Köpfe drehten sich und Nacken reckten sich, um das schöne, unbekannte Wesen, das soeben in die Halle eingetreten war, zu begutachten. Aveline blickte beschämt zu Boden und spürte, wie sich Salkas Griff an ihrem Arm verstärkte. Sie drückten sich durch die Massen.
Die Halle war voll. Ganz Vestervig war gekommen, um das Ende des Winters zu feiern. Ein Gewühl von Menschen in bunten, eleganten Kleidern tummelte sich um den Tisch, auf dem Esswaren zur freien Verkostung serviert worden waren. Das Feuer in der Mitte loderte weit bis zur Decke hoch. Es war heiss und üppig und es roch nach Bier, Rauch und geschmortem Fleisch. Die Tische und Bänke waren so aufgestellt worden, dass man sich in kleinen Gruppen an einen Tisch setzen und feiern konnte.
„Dort hinten sitzt Rurik", rief Hjalmar seiner Frau zu. „Mal schauen, ob er uns ein Plätzchen freigehalten hat."

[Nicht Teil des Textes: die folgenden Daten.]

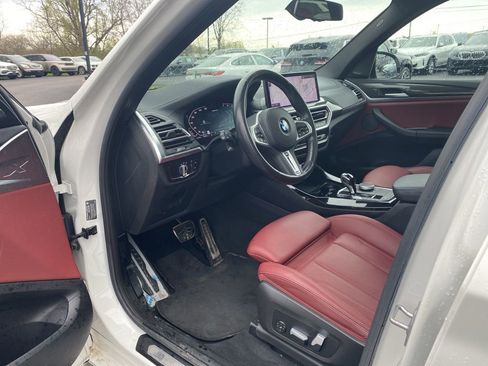 Used 2024 BMW X3 M40i AWD/4WD image 12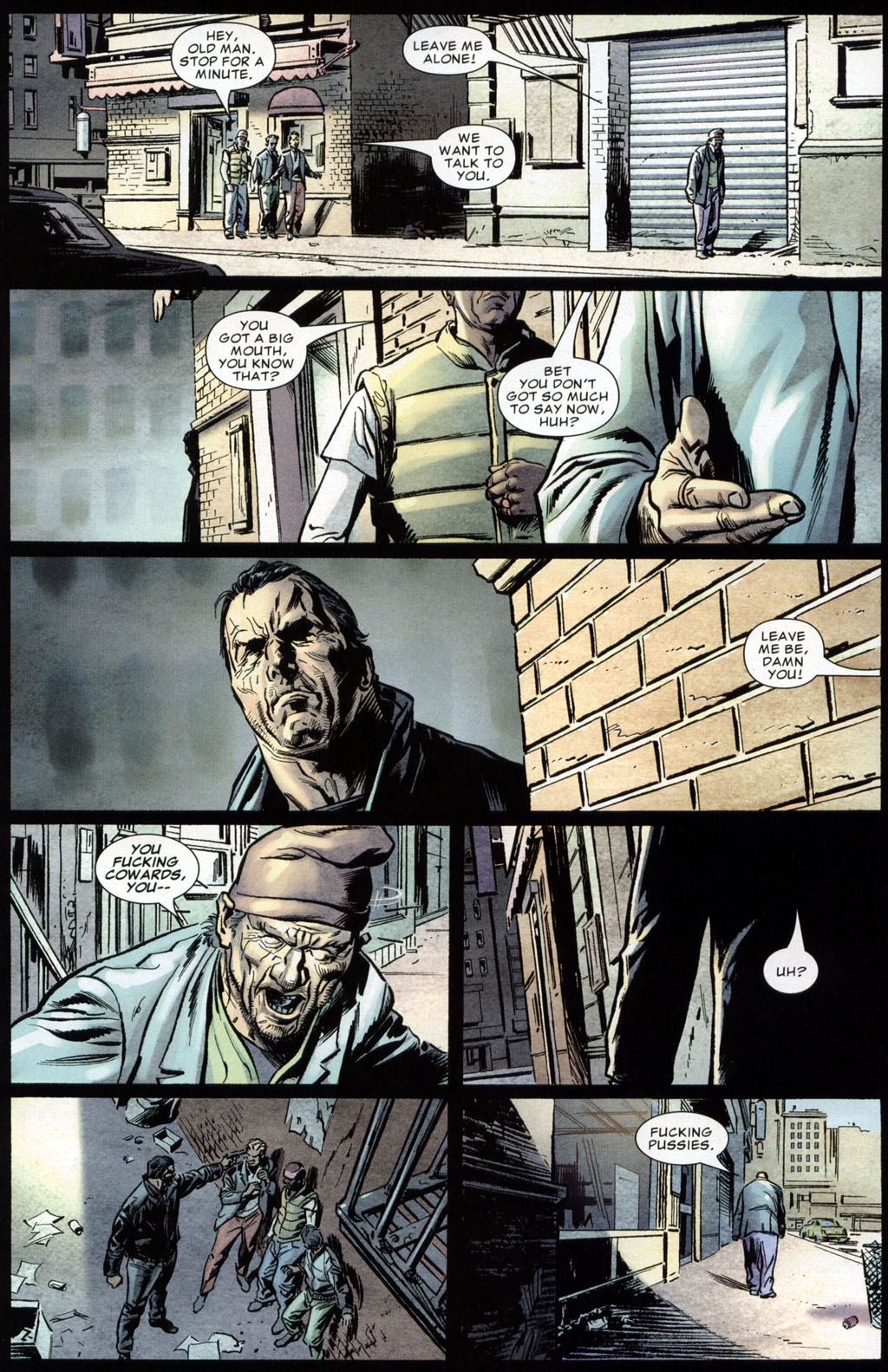 The Punisher (2004) Issue #13 #13 - English 6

Es war laut in der Halle. Man musste sein Gegenüber fast anschreien, um gehört zu werden. Als sie am Tisch ankamen, ging Rurik beim Anblick von Aveline die Kinnlade runter, Loki liess seinen Becher zu Boden fallen und Audgisil grinste breit.

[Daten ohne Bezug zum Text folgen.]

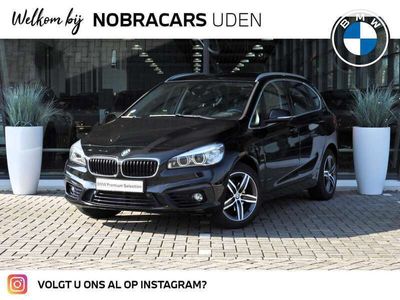 tweedehands BMW 218 Active Tourer 218i Executive Sport Line Automaat /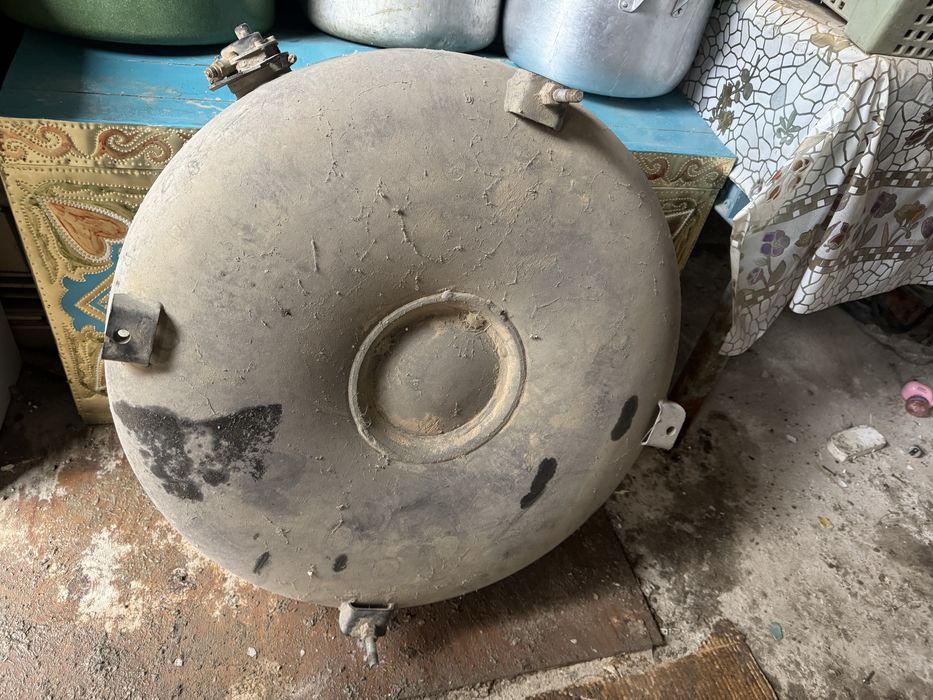 Газ баллон 95 литр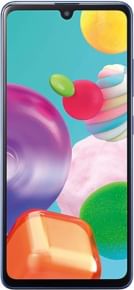 Samsung Galaxy A40 vs Samsung Galaxy A41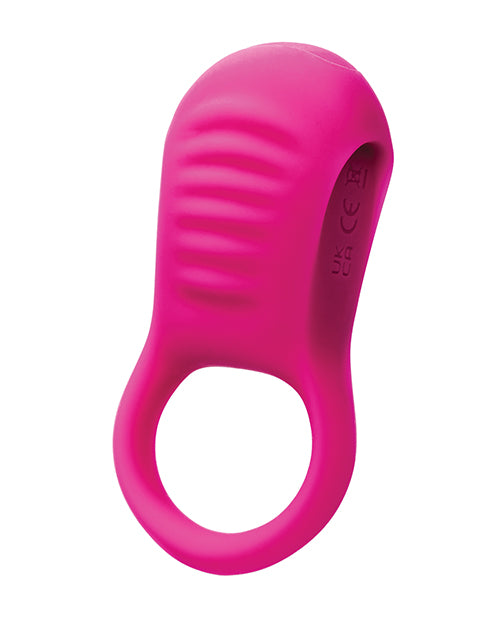 Basic Essentials Rechargeable Ridge Rider Ring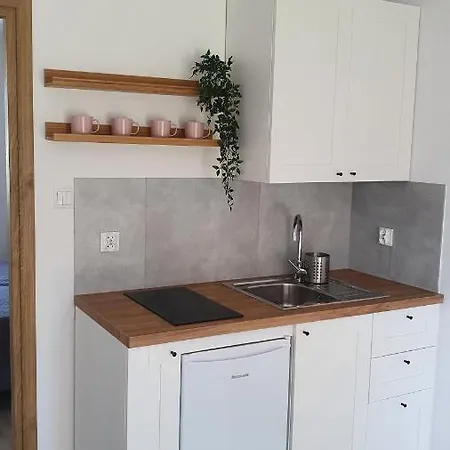 Apartamento Pod Losiem Mrzeżyno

„Aveline, bist du das?" Loki konnte nicht aufhören, sie anzustarren.
Sie nickte und lächelte ihn an.
„Warum in Odins Namen, ist sie heute hier?", wollte Audgisil von Hjalmar wissen. „Ich wusste nicht, dass Sklaven an Jule erlaubt sind."
Hjalmar zuckte mit den Schultern. „Sie nimmt heute an der Weihung teil."

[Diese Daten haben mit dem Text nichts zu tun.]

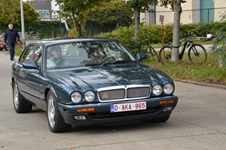 Oldtimers And Friends Noord Antwerpen -  25 oktober 2026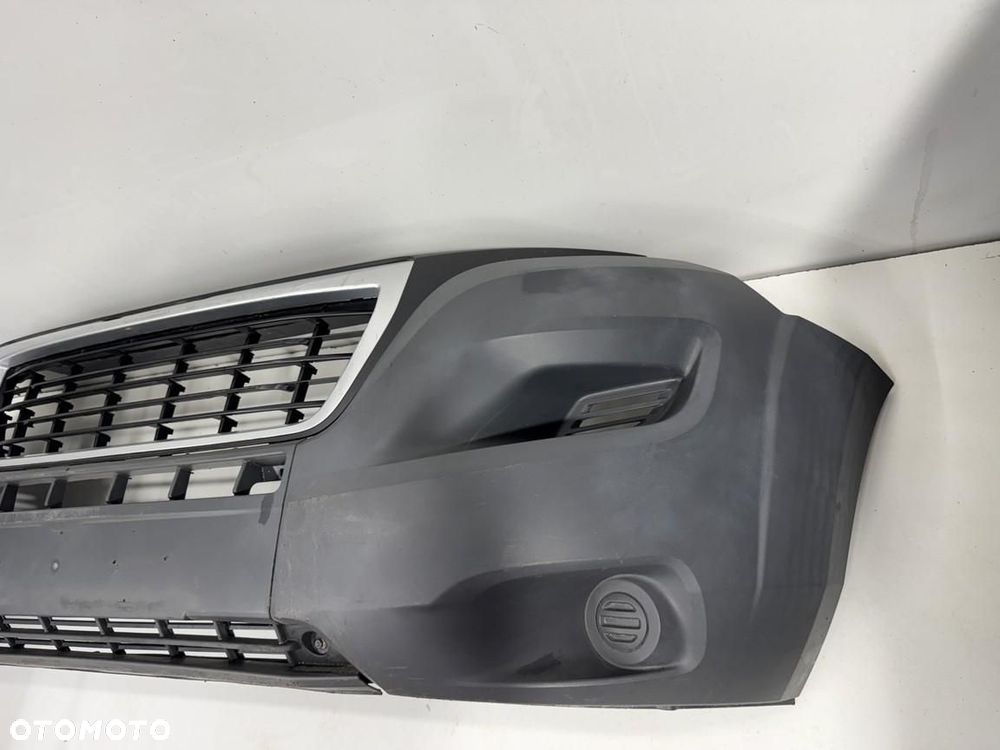 Zderzak przód Peugeot Boxer lift 14- 1315092070 - 3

„IST NICHT WAHR?", schrie Loki entzückt. „Ihr setzt Aveline frei. FREI?" Er packte die Schultern seines besten Freundes und rüttelte daran. „Rurik, du Molch! Warum hast du uns das nicht verraten? Du wusstest sicherlich davon!"
Dieser winkte schweigend ab und trank einen Schluck von seinem Bier. Er schien nicht in besonders guter Stimmung zu sein.
Loki kümmerte das nicht. Er strahlte bis über beide Ohren. „Na dann, Aveline: Herzlich Willkommen bei den verrückten Normannen!", kreischte er. „Glaub's mir, dich hole ich mir nachher zum Tanz! Ich werde der Erste sein. Der Rest kann hinten anstehen!"
Aveline war sich nicht sicher, ob das eine Drohung, oder ein gut gemeintes Angebot war. Sie lachte etwas verlegen und setzte sich an den Tisch.
Audgisil winkte einen Diener herbei und befahl ihm, ihnen mehr Bier und Met zu bringen. Aveline wurde einen grossen Hornbecher vor die Nase gehalten. Sie sass etwas angespannt am Tisch. Noch fühlte sie sich unter all der Blicke und dem Getuschel, das hinter ihr geschah, nicht wohl. Die Leute redeten und starrten in ihre Richtung.
Keiner ihrer Tischgenossen schien das jedoch zu stören. Ausser Rurik vielleicht, der etwas verkrampft ihr gegenüber sass.
Aveline nahm einen vorsichtigen Schluck von ihrem Becher. Es war Met, das man ihr eingeschenkt hatte. Eine herbsüsse Mischung, die ihr überraschend gut schmeckte. Nach dem ersten leeren Becher lockerte sich ihre Anspannung und sie lachte mit ihren Begleitern mit. Es wurde über das Leben, vergangene Lieben, überstandene Krisen und Zukunftspläne gesprochen. Der Alkohol floss in Strömen und allmählich legten die Feiernden ihre Hemmungen ab. Heitere Musik ertönte und liess die Leute bereits auf den Tischen tanzen. Aveline fühlte den Trunk in ihrem Kopf. Die Welt schwankte sanft vor ihren Augen.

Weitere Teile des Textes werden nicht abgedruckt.